That is a good point. I could see legistlatively they may ban certain activites or discussions, but outright shutting it down would hamper data collection. Of course by then they'll know us better then our families do.


----------



## CulexPipiens

Cast-Iron said:


> I'm no expert in encryption, but recent disclosures by the accused N$A leaker, Edward Snowden, allege that many encryption programs have already been compromised and aren't as secure as you might think. I would still prefer encrypted versus non-encrypted, just assume that big brother can or may decode these at will.


There are a few ways to compromise encryption. If a back door is built in and/or there is a special "key" that allows them to auto decrypt, then it is indeed useless. On the other hand, if it's just because they have so many computers that they can simply brute force hack through any encryption in a relative short period of time then encryption is still useful... but only if widely used.

Let's say unecrypted they can auto-read a thousand emails a second. However with encryption it takes 5 seconds to decode that message before they can read it. So, in 5 seconds they view 5,000 or they view 1.

Now, think if everyone used encryption. They'd have to scale up the flaming data center in Utah by a factor of 5000 to be able to keep up. Again, let's say that we're encrypting everything... currently if it's encrypted I would think it's more suspicious. When everything is encrypted they're pouring massive computing power into decoding your email with pictures of cats doing cute stuff. A lot of wasted resources for no payback.


----------



## Cast-Iron

Excellent point and well articulated CP!


----------



## Caribou

CulexPipiens said:


> Let's say unecrypted they can auto-read a thousand emails a second. However with encryption it takes 5 seconds to decode that message before they can read it. So, in 5 seconds they view 5,000 or they view 1.
> 
> Now, think if everyone used encryption. They'd have to scale up the flaming data center in Utah by a factor of 5000 to be able to keep up. Again, let's say that we're encrypting everything... currently if it's encrypted I would think it's more suspicious. When everything is encrypted they're pouring massive computing power into decoding your email with pictures of cats doing cute stuff. A lot of wasted resources for no payback.

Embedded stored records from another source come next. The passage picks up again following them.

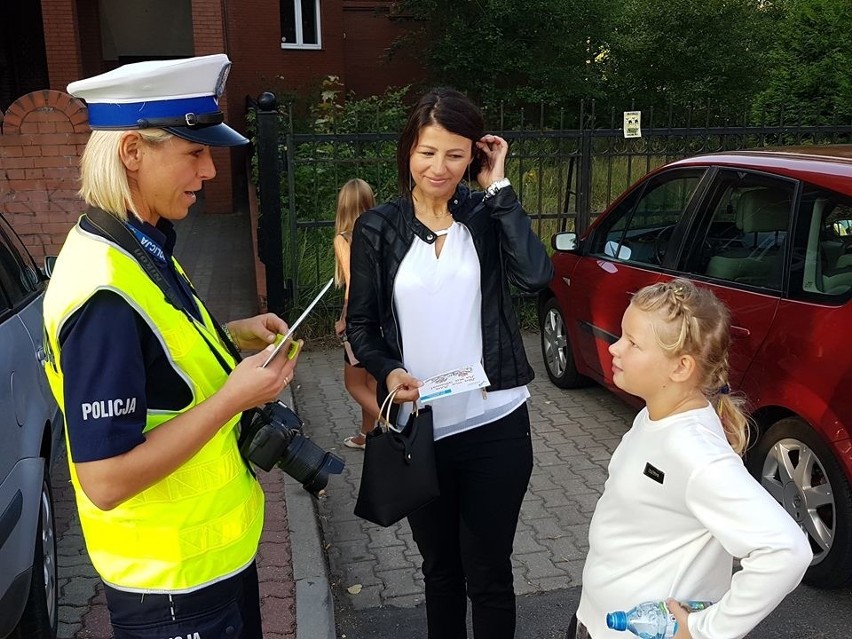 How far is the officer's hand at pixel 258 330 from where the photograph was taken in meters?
2.13

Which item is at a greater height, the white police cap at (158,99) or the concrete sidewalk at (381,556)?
the white police cap at (158,99)

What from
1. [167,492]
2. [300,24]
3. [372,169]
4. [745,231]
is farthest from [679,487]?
[300,24]

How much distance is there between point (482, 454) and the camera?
2.39 metres

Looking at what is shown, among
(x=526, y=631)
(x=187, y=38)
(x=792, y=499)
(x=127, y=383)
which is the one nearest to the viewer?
(x=127, y=383)

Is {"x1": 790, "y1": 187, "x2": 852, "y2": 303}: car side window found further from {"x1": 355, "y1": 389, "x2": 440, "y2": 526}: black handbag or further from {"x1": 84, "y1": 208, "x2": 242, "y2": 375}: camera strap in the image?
{"x1": 84, "y1": 208, "x2": 242, "y2": 375}: camera strap

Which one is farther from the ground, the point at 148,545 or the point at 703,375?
the point at 703,375

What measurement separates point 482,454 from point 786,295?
1917mm

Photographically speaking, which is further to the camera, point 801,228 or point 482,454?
point 801,228

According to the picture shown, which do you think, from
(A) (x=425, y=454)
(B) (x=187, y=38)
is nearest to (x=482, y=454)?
(A) (x=425, y=454)

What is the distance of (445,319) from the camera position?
2344 mm

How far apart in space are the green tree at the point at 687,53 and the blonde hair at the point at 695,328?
18.9m

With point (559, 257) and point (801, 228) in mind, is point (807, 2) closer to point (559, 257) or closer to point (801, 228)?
point (559, 257)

I like this idea. I use a similar plan with my shredder. Shredded paper is usually a wealth of information about someones personal information. I shred everything from junk mail on up. Someone that wants my information are going to have to a lot of patience. I use a cross cut shredder.

Burning would be more secure but that is impractical at my current residence.


----------



## BillS

Well, it's nice if everyone uses encryption but I wouldn't use it until then. Imagine how high your threat rating goes if you're sending encrypted emails that the NSA can't crack.


----------



## BillS

Speaking of threat assessment, it's also not a good idea to come out in favor of armed insurrection if you don't want to rise to the top of the terminate list.


----------



## PrepN4Good

So...should we all start learning how to raise carrier pigeons...?


----------



## BillM

*In the event*

In the event that the switch is thrown before we expect it to happen, good by everybody.

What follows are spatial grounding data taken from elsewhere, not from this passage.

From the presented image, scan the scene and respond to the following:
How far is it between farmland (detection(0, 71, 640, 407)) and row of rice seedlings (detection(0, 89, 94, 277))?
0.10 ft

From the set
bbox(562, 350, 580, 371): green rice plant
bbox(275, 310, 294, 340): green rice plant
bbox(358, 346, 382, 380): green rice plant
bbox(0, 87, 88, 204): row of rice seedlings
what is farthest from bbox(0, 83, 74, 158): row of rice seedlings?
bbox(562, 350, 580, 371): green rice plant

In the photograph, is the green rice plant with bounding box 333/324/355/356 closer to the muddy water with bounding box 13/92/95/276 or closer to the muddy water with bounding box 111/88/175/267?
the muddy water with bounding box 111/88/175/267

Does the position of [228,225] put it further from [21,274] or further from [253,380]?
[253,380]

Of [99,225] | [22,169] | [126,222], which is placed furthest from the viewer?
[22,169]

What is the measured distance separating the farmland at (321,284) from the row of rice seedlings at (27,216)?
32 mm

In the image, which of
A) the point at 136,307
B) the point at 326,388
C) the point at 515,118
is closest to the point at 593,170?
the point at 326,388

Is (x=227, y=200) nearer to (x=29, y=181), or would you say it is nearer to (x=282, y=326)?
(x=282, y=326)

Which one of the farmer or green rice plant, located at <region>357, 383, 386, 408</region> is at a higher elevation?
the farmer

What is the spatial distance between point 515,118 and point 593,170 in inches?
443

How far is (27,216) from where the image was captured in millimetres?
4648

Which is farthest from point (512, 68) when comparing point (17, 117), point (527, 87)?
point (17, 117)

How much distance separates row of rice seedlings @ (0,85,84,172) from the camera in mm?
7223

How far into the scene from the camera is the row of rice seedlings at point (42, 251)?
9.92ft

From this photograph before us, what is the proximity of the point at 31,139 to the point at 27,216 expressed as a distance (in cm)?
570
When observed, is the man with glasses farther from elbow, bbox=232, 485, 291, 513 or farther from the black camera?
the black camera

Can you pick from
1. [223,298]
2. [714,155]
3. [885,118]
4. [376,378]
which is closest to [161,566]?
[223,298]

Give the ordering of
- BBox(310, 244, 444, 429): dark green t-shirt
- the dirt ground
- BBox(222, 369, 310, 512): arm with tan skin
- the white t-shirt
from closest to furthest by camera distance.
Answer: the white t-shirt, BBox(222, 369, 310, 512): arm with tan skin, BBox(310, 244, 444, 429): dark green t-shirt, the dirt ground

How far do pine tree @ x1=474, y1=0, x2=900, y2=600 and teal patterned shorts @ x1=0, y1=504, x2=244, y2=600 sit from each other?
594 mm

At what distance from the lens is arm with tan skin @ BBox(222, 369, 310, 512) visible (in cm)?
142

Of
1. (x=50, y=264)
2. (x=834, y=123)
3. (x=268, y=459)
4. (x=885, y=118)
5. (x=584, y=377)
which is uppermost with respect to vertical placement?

It has been a pleasure to know you on the forum !


----------



## Cast-Iron

PrepN4Good said:


> So...should we all start learning how to raise carrier pigeons...?


Mmmmmmm! Dinner and a message. Squab anyone?


----------



## CulexPipiens

PrepN4Good said:


> So...should we all start learning how to raise carrier pigeons...?

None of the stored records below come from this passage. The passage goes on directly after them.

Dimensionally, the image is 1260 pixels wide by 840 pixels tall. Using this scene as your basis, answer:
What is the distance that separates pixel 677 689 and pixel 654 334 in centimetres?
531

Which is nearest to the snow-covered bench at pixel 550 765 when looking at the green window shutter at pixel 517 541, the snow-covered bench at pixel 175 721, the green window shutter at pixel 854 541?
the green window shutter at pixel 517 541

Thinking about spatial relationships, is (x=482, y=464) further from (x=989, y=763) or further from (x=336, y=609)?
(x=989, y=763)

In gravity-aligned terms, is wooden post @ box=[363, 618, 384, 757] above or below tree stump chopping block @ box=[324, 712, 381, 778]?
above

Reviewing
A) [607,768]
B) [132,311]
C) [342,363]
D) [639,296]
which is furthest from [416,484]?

Look for other methods of communicating... or communicating without obviously doing so. When we were kids I'm willing to bet that most of us tried writing secret messages with lemon juice. Use the same concept in the electronic age.

Here is one possible method: https://guardianproject.info/apps/pixelknot/ "_The practice of embedding secret messages into a piece of media so that no one, apart from the sender and intended recipient, know that the secret message exists._"

Now the encrypted email that contains a picture of the cute kitten actually has an AES encrypted message embedded within the picture itself. Layers on layers.


----------



## frankd4

*IPSEC encryption*

Go to the help function in Windows and type IPSEC it will tell you how to set up encryption between two or more stations and you can also encrypt your hard drive, also unplug your computer at night so they can't use wake on lan while your sleeping to suck down your data.


----------



## cqp33

Dont keep anything on a computer hooked to the internet! I have a laptop that I don't connect to the internet, older version with the network card removed, still has a USB port to put documents on it or take them off if needed but it is never connected to the web, PERIOD! That is where I keep all my PDF files of homesteading items I want to have if SHTF but of course an EMP would fry that bad boy though! Just saying!


----------



## CulexPipiens

Cast-Iron said:


> Mmmmmmm! Dinner and a message. Squab anyone?


Hey! Didn't you ever hear of "Don't kill the messenger!" ?


----------



## helicopter5472

CulexPipiens said:


> Hey! Didn't you ever hear of "Don't kill the messenger!" ?


Yea but you know the "ZOMBIE" part will take over and it's bye, bye, birdie


----------



## CulexPipiens

helicopter5472 said:


> Yea but you know the "ZOMBIE" part will take over and it's bye, bye, birdie


But zombies don't usually have the motor skills necessary to get at the BRAINS in such a small skull. One wrong move and the head pops off, rolls away and they lose their snack.


----------



## RevWC

PrepN4Good said:


> So...should we all start learning how to raise carrier pigeons...?


I have a friend that was connected to an Italian group and they used Pigeons to communicate.


----------



## BillS

To get back to the original post, it really doesn't matter what the law is. Obama will ignore it when he sees fit to do so.


----------



## Geek999

If he turns off the Internet, nobody will be able to sign up for Obamacare! Oh, I forgot, no one can sign up for it now!


----------



## hiwall

Why create a switch if you don't plan on using it?
The obvious answer is Yes they plan on using it.


----------